/sopel-subcmd

Sopel utility plugin for defining subcommands

Primary LanguagePythonOtherNOASSERTION

This plugin for the IRC bot Sopel allows for

Installation

$ pip install sopel-subcmd

Example usage

Import the SubcommandDispatcher class to your plugin, register handlers for your desired subcommands, and call it with the bot, trigger associated with your event. The return value indicates if a subcommand handler was found and called. Note that exceptions from handlers are allowed to propagate freely.

from sopel import plugin
from sopel_subcmd import SubcommandDispatcher


dispatcher = SubcommandDispatcher()

@dispatcher.register
def dummy_subcmd1(bot, trigger, *args, **kwargs):
    bot.say(f"dummy:subcmd1 subcommand (args={args!r}, kwargs={kwargs!r})")


@dispatcher.register
def dummy_subcmd2(bot, trigger, *args, **kwargs):
    bot.say(f"dummy:subcmd2 subcommand (args={args!r}, kwargs={kwargs!r})")


@plugin.commands(
        "dummy",
        "dummy:subcmd1",
        "dummy:subcmd2",
        "dummy:fakesub",  # this pattern has no dedicated handler, we will use the base
)
def dummy(bot, trigger):
    # We can do some computations common to every command before dispatch, if appropriate
    data = 42
    moredata = "Twas brillig and the slithy toves"

    # automatically hand off to the subcommand handlers, if appropriate
    if dispatcher.dispatch_subcmd(bot, trigger, data, moredata=moredata):
        return

    # we don't *have* to pass data to the handler if ``bot, trigger`` would be enough
    # if _dispatch_subcmd(bot, trigger):
    #     return

    bot.say(f"base command, invoked as {trigger.group(0)!r}")

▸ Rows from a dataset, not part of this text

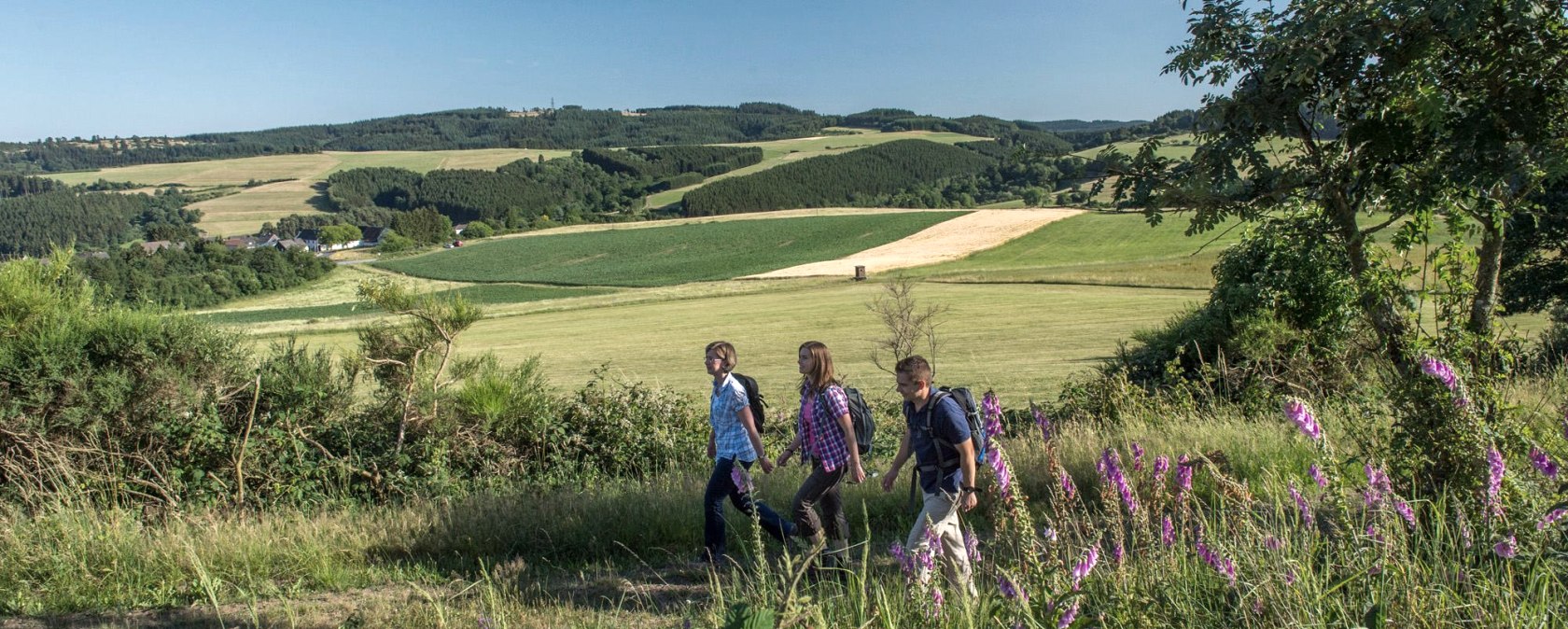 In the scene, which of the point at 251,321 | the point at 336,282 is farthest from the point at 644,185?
the point at 251,321

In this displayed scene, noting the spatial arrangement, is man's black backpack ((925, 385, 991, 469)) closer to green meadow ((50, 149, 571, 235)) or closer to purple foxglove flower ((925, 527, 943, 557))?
purple foxglove flower ((925, 527, 943, 557))

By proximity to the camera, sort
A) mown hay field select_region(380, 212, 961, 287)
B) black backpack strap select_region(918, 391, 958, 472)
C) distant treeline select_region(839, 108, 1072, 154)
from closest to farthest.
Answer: black backpack strap select_region(918, 391, 958, 472) → mown hay field select_region(380, 212, 961, 287) → distant treeline select_region(839, 108, 1072, 154)

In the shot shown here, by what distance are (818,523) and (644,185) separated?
391 ft

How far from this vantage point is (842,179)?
371 ft

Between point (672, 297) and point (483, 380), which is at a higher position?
point (483, 380)

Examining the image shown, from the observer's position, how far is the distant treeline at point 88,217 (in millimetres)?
80938

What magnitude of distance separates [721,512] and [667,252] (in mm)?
68959

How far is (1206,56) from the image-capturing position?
179 inches

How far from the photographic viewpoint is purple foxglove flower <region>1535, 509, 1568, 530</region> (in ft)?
9.24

The above sample plugin produces the following behavior:

<SnoopJ> !dummy
<testibot> base command, invoked as '!dummy'
<SnoopJ> !dummy:subcmd1
<testibot> dummy:subcmd1 subcommand (args=(42,), kwargs={'moredata': 'Twas brillig and the slithy toves'})
<SnoopJ> !dummy:subcmd2
<testibot> dummy:subcmd2 subcommand (args=(42,), kwargs={'moredata': 'Twas brillig and the slithy toves'})
<SnoopJ> !dummy:fakesub
<testibot> base command, invoked as '!dummy:fakesub'
<SnoopJ> !version
<testibot> [version] Sopel v8.0.0.dev0 | Python: 3.7.16 | Commit: b5eba03ce74baae36e3456ac938686fb23f5671b

Unicode support

Because Python has excellent support for Unicode identifiers, you can dispatch to functions whose names are written in nontrivial scripts:

from sopel_subcmd import SubcommandDispatcher


dispatcher = SubcommandDispatcher()

@dispatcher.register
def dummy_猫(bot, trigger, *args, **kwargs):
    bot.say("にゃあああー")


# ç = U+0063 U+0327
@dispatcher.register
def dummy_çava(bot, trigger, *args, **kwargs):
    bot.say("ça va")


@dispatcher.register
def dummy_パイソン(bot, trigger, *args, **kwargs):
    bot.say("\N{SNAKE}")


@plugin.commands(
        "dummy",
        "dummy:猫",

        # NOTE:we need to repeat our command for Sopel to match different codepoint sequences,
        # but dispatch will find the function whose name is equivalent under NFKC normalization (which Python uses)
        "dummy:çava",        # ç = U+00e7
        "dummy:çava",        # ç = U+0063 U+0327
        "dummy:パイソン",
        "dummy:パイソン",
)
def dummy(bot, trigger):
    # We can do some computations common to every command before dispatch, if appropriate
    data = 42
    moredata = "Twas brillig and the slithy toves"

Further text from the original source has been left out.